= Diawadou Barry =

Guinean politician

Diawadou Barry (born 10 May 1916 in Dabola, French Guinea; died c. 1969 in Conakry, Guinea), sometimes referred to as Barry Diawadou, was a Guinean politician who served in the French National Assembly from 1954 to 1958. After Guinean independence, he served as Minister of Economy and Finance and Minister of Education. The eldest son of Barry Aguibou, the Almami of Dabola, he was a descendant of the Soriya branch of the former ruling dynasty in the Islamic confederacy of the Futa Jalon.

He stood as an independent politician in the 1954 by-election and won from Ahmed Sékou Touré's PDG-RDA. However, the election was marred with irregularities.
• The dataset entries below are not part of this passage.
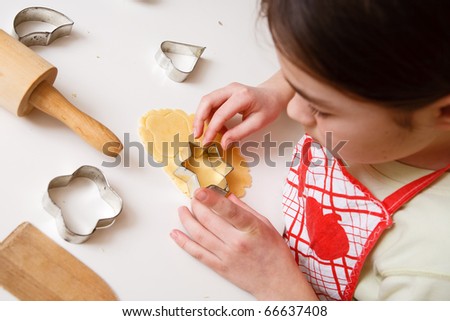 Young girl making cakes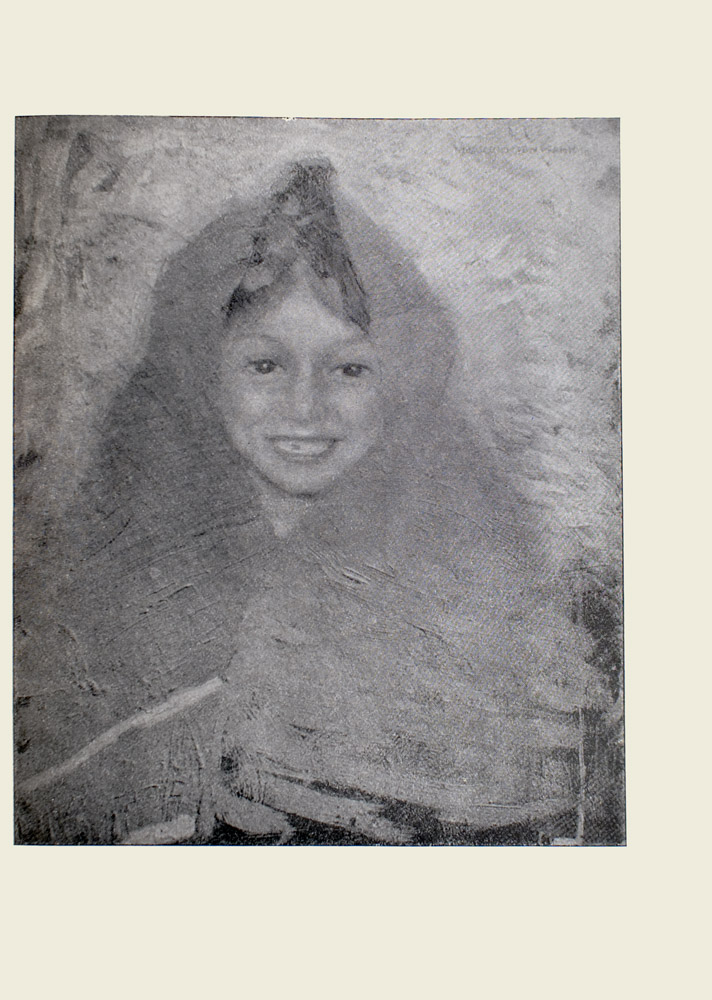 Image is of a young girls head and torso She has dark hair that is tucked under a shawl the part is visible The shawl wraps around her head shoulders and a portion of her chest She is looking forward and smiling The girl has a tooth missing The image is vertically displayed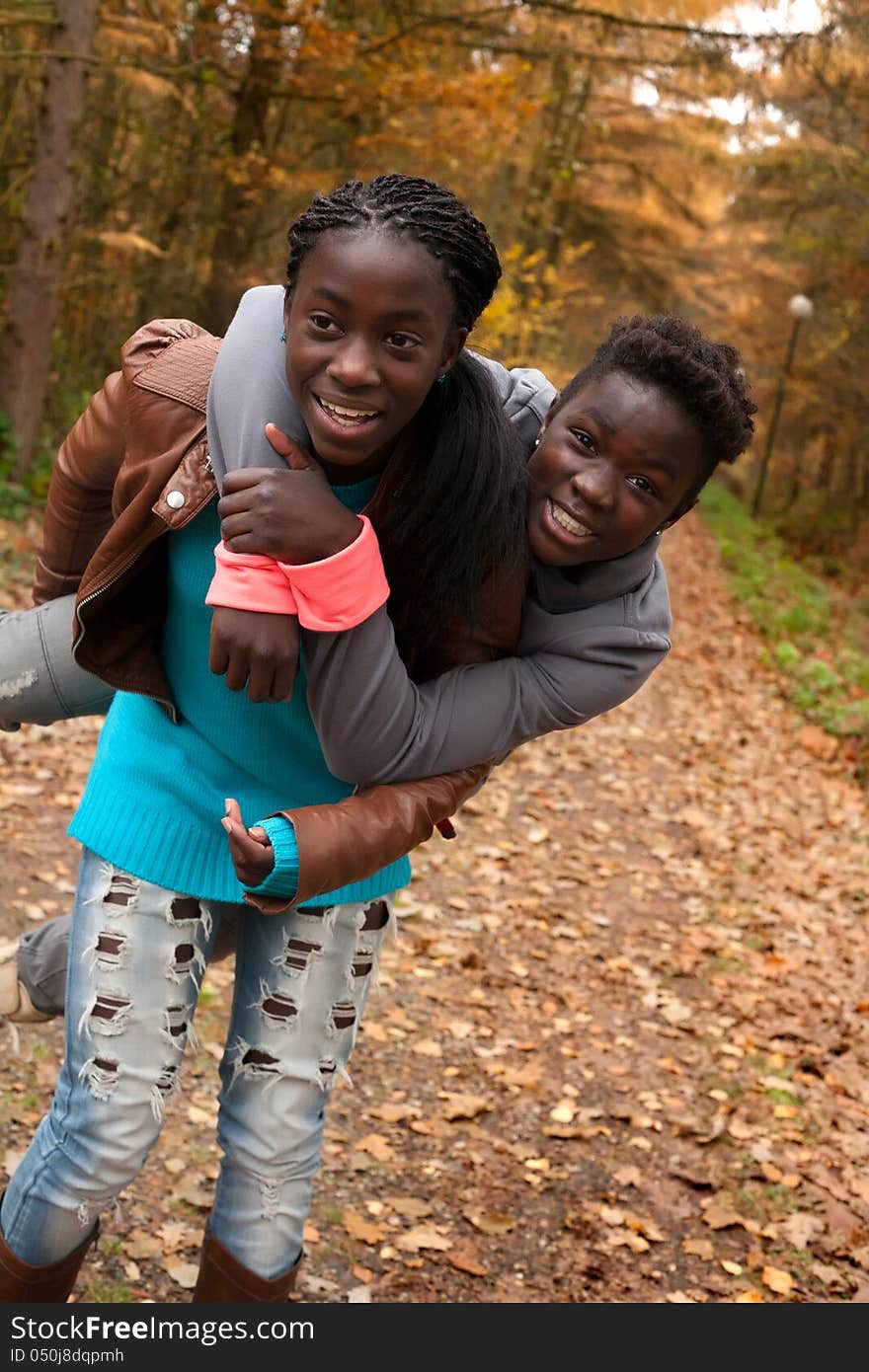 Happy foster children in the forest are having fun. Happy foster children in the forest are having fun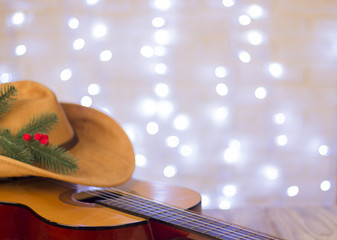 Country music christmas with acoustic guitar and american cowboy hat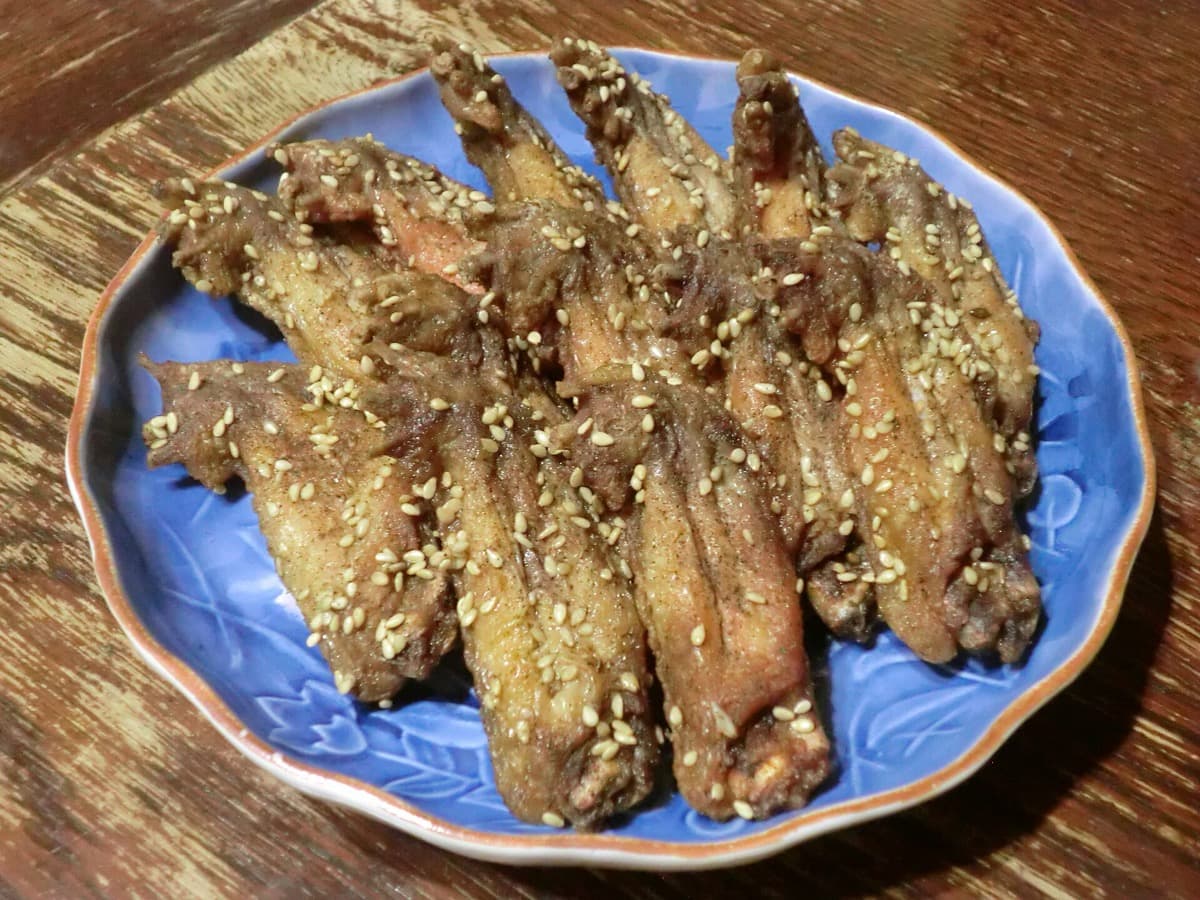A plate of peppery fried chicken wings sprinkled with sesame seeds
The French minister Robert Buron admitted in 1968 that the election had been rigged by France to prevent Sékou Touré from winning and prop up the more loyal Barry, who was seen as the representative of the "traditional chiefs and white residents of the Futa Jalon".

Barry served as Minister of Economy and Finance and Minister of Education in the early 1960s, after Sékou Touré had become the first president of Guinea. In January 1961, he was replaced as Minister of Education by the more radical Damantang Camara. He went on to serve as ambassador to Egypt in subsequent years.

The French investigative journalists Roger Faligot and Pascal Krop have claimed that Barry, a devout Muslim who repeatedly completed the hajj, "dreamed of establishing an Islamic republic in Guinea" and that he was actively supported by the French intelligence agency SDECE to foment anti-government sentiment among the Fula.

In February 1969, Barry was swept up in the events surrounding the so-called Labé plot (sometimes Kaman-Fodeba plot) against Sékou Touré's regime. His arrest and imprisonment were part of a complex strategy that enabled the government to rid itself of politically troublesome individuals at the time. Barry was just one of dozens of the accused, who included other ministers and cabinet members, senior civil servants, and military officers — all allegedly participants in the plot. He was executed by firing squad in Camp Boiro, either shortly after being condemned to death in 1969 or sometime in the following years.